For a start, it's very easy to exhibit such a block cipher, by restricting the key and message spaces to something enumerable. Granted, that makes the cipher insecure.
But we can also construct such a block cipher secure under chosen-plaintext attack. Assume a secure block cipher with the same key and block space (e.g. AES-128). Note $E_k(x)$ (resp. $D_k(x)$) for the encryption (resp. decryption) of $x$ under key $k$. And define $$E'_k(x)=\begin{cases} 0,&\text{if }x=k\\ E_k(k),&\text{if }x\ne k\text{ and }x=D_k(0)\\ E_k(x),&\text{otherwise} \end{cases}$$ In other words, $E'_k$ is the same function as $E_k$, except possibly for inputs $k$ and $D_k(0)$, which outputs are swapped.
Notice that for any fixed $k$, the function $E'_k$ is well-defined and a permutation of the block space, including in the rare case $E_k(k)=0$, which degenerates in $E'_k=E_k$. Hence $E'$ is a block cipher. And it is demonstrably secure under chosen-plaintext attack if $E$ is, because access to an encryption oracle gives no efficient way to query for $k$ or $D_k(0)$.
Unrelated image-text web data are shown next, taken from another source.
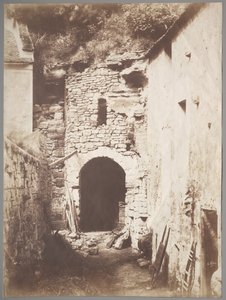 Troglodyte Farmの後ろ、c。 1853年。 作： Henri Le Secq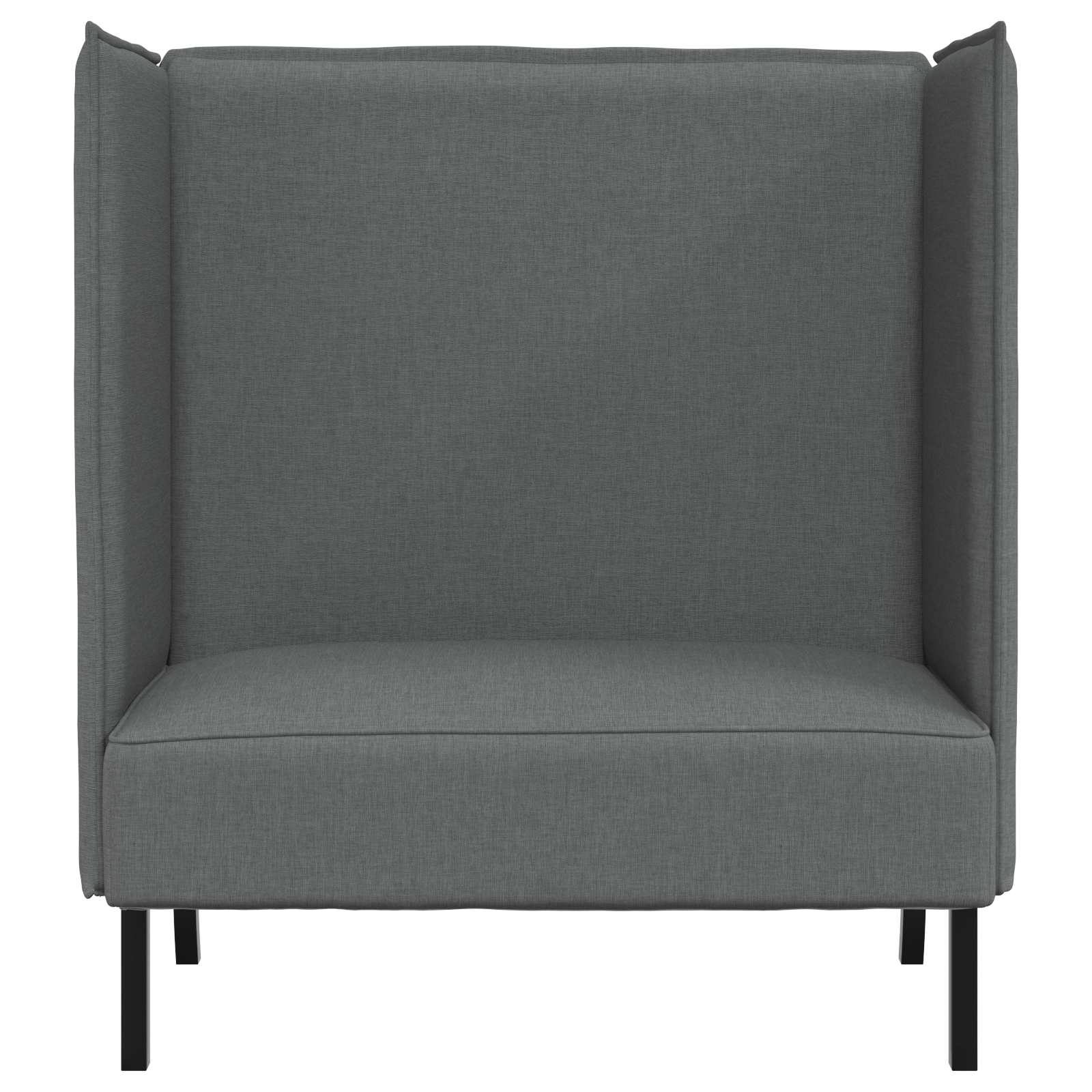 vidaXL Sofa z wysokim oparciem 101cm ciemno szary tkanina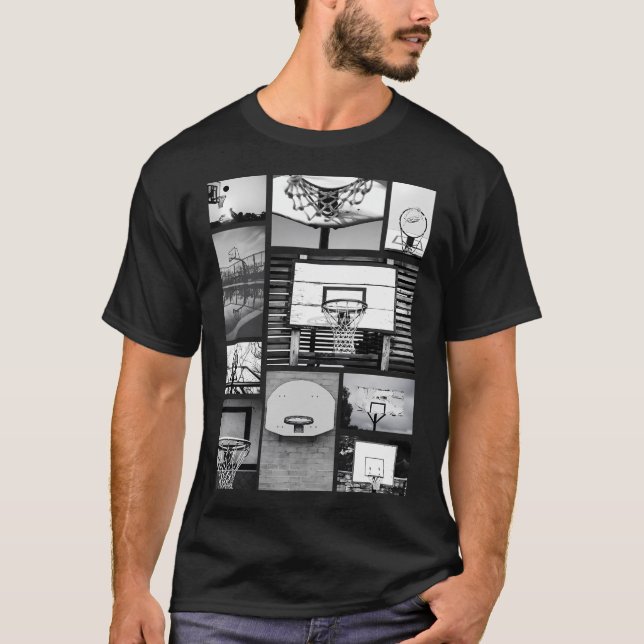 Camiseta Foto de la cancha de baloncesto - Último diseño de (Anverso)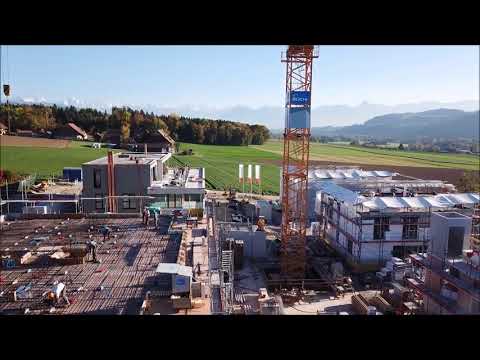 Drohnenaufnahme Panorama Rubigen 16.10.2017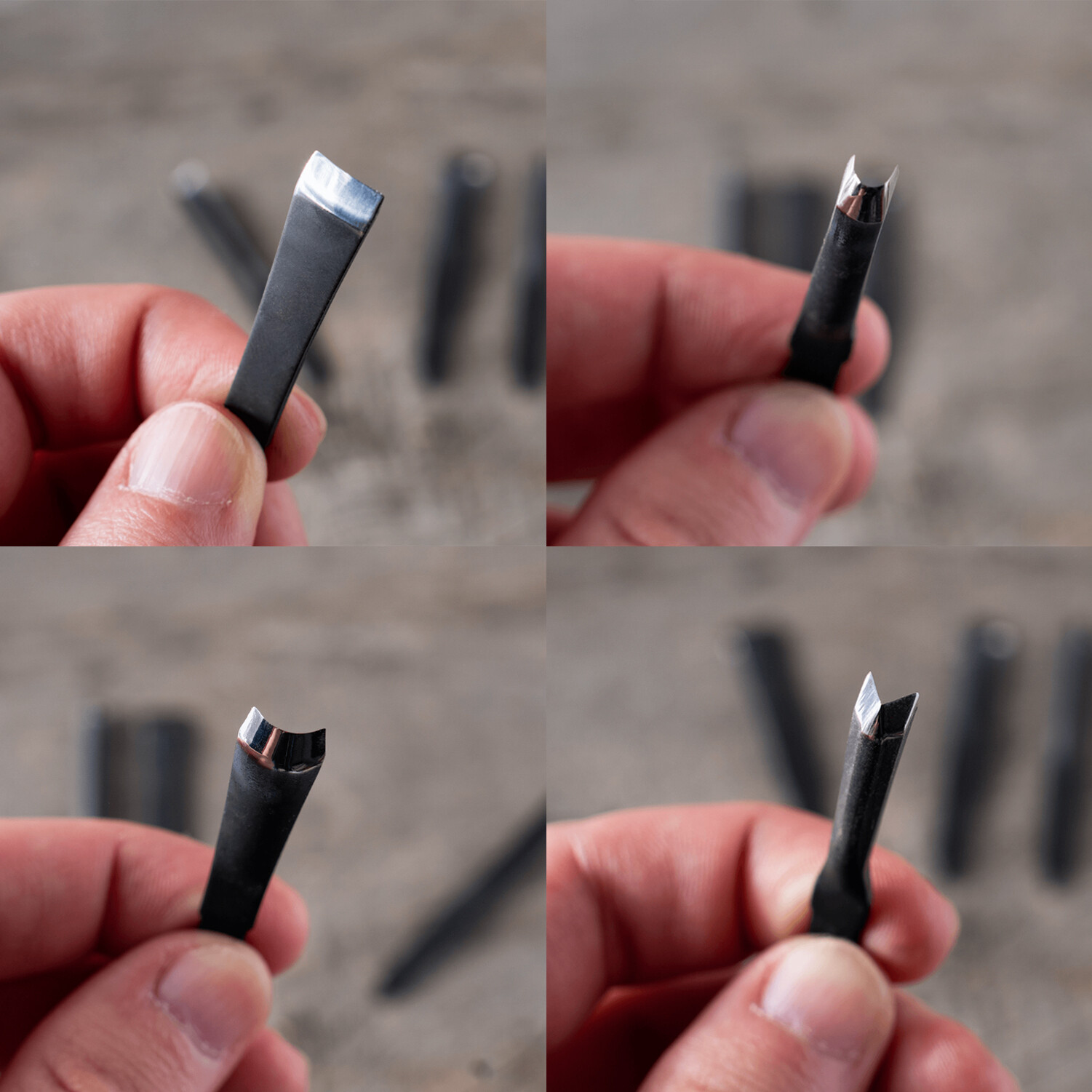 FLEXCUT RG310 HighQuality Wood Carving Detailing Power Gouges Set 4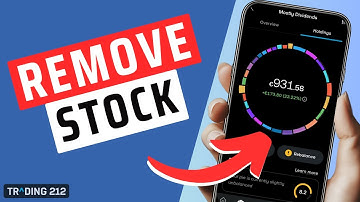 How To Remove Stock From a Pie On Trading 212 (Export from pie)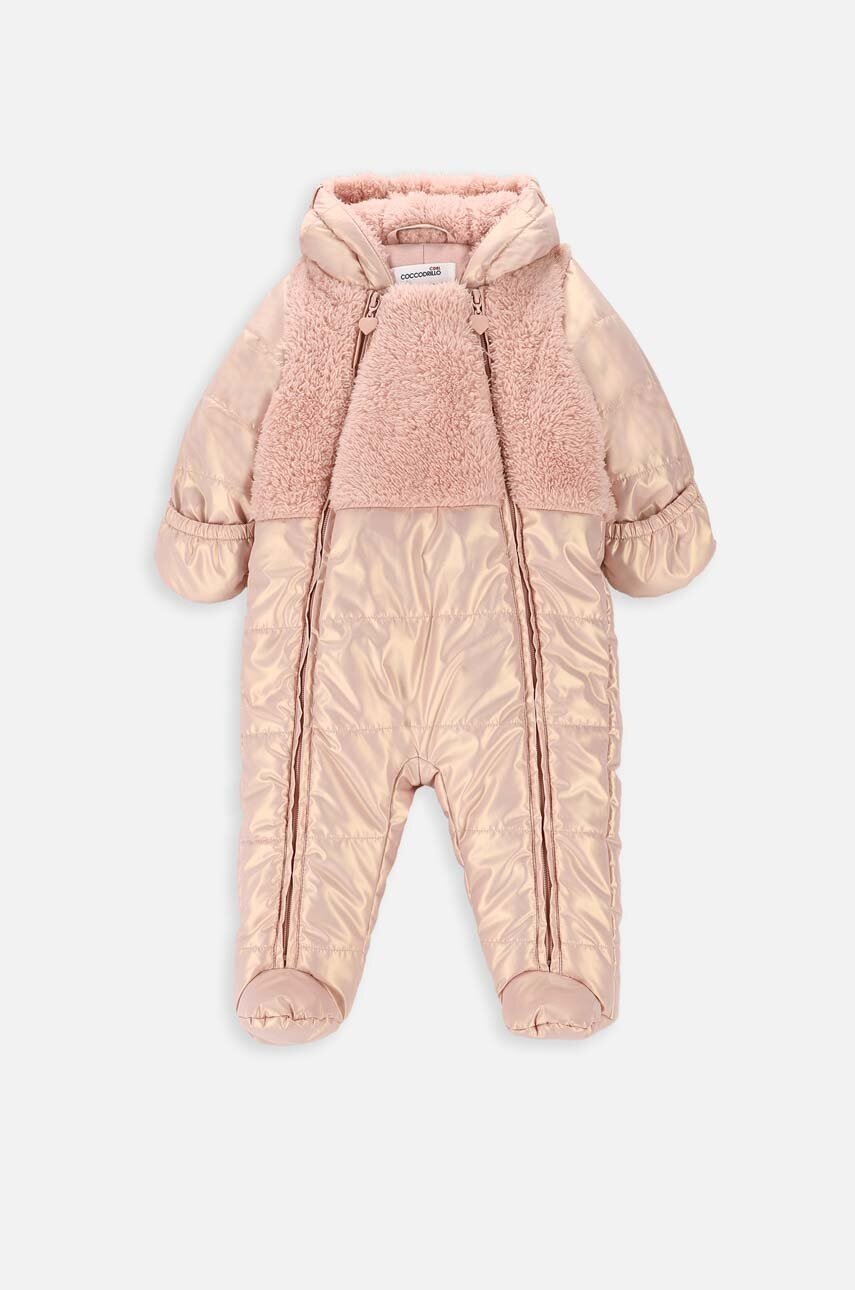 Комбинезон для младенцев Coccodrillo ZC3156202OGN OUTERWEAR GIRL NEWBORN цвет розовый Комбинезон для младенцев Coccodrillo ZC3156202OGN OUTERWEAR GIRL NEWBORN цвет розовый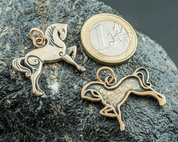 CELTIC HORSE, BRONZE PENDANT - ANIMAL PENDANTS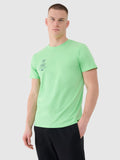 T-shirt regular z nadrukiem męski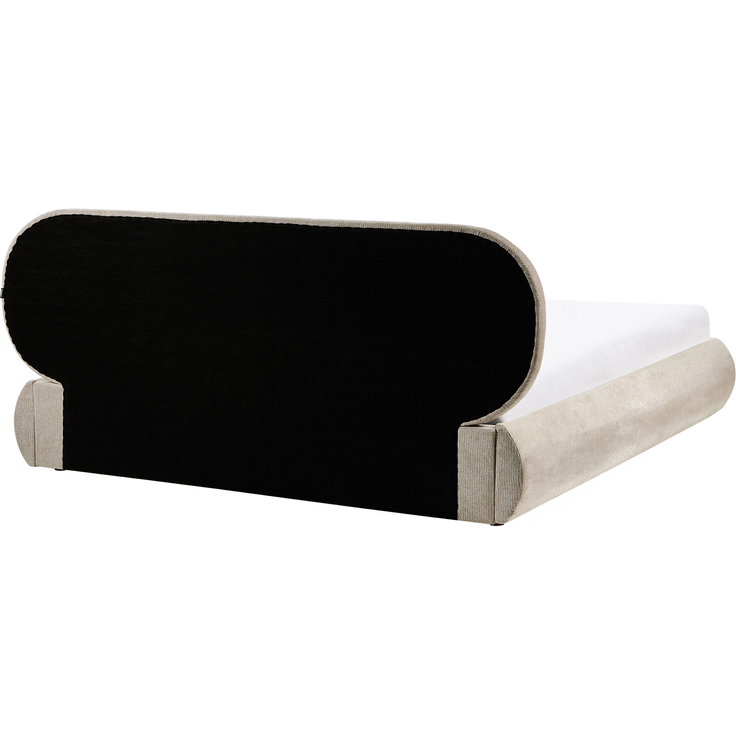 Bett mit Stauraum Stoff CAMPAN 180x200 cm Taupe – Bild 7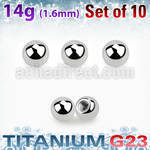 xubal3g pack 10 bolas titanio g23 brillo espejo 3mm rosca distribuidor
The corresponding decryption is $$D'_k(x)=\begin{cases} k,&\text{if }x=0\\ D_k(0),&\text{if }x\ne0\text{ and }x=E_k(k)\\ D_k(x),&\text{otherwise} \end{cases}$$ And since $k=D'_k(0)$, there can't be equivalent keys. For if keys $k_0$ and $k_1$ yielded the same bijections $E′_{k_0}$ and $E′_{k_1}$, then the reverse bijections $D′_{k_0}$ and $D′_{k_1}$ would be the same, hence we would have $D'_{k_0}(0)=D'_{k_1}(0)$, hence $k_0=k_1$; now by contraposition, different keys must yield different bijections, Q.E.D.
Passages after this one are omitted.